DATA PROVIDED section start

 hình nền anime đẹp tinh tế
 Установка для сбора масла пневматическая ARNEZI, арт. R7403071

DATA PROVIDED section end
DATA PROVIDED section start

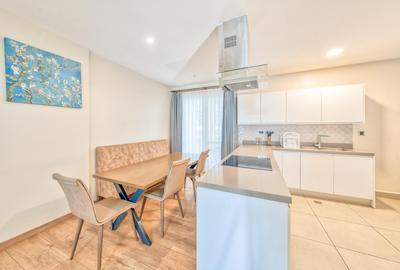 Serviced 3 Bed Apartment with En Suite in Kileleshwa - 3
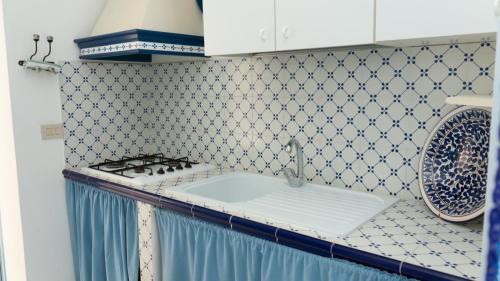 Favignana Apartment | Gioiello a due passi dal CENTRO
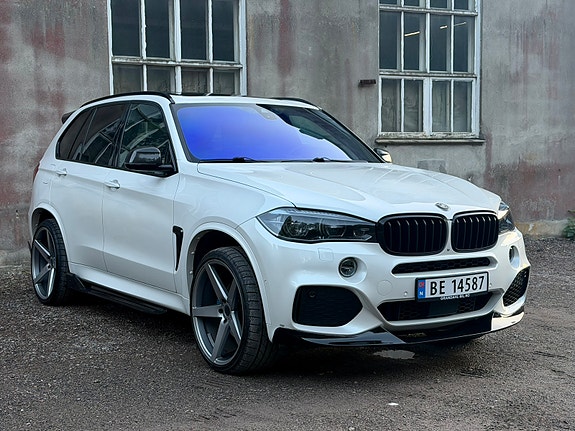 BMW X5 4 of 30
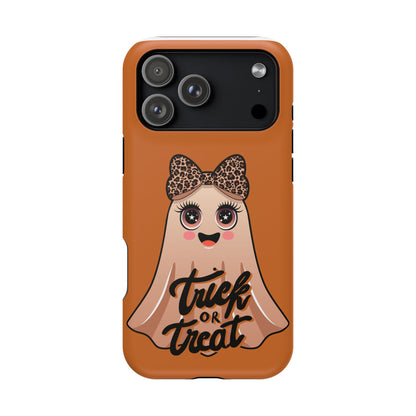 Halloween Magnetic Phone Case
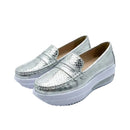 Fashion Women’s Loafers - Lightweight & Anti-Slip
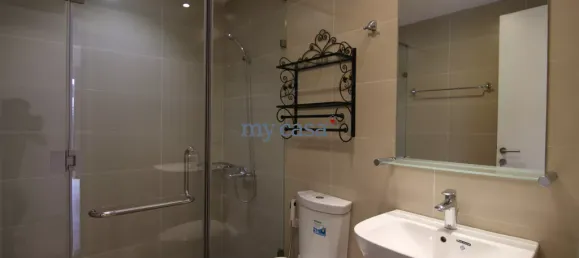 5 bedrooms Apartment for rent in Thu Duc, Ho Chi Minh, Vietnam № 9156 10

DATA PROVIDED section end

* **HOW TO COMPLETE THIS TASK**: The expected answer is an exact copy of the lines above, beginning at the line with "hình nền anime đẹp tinh tế" and ending at the line with "Установка для сбора", with both ends in.

* **ANSWER TO THIS EXERCISE**:
 hình nền anime đẹp tinh tế
 Установка для сбора масла пневматическая ARNEZI, арт. R7403071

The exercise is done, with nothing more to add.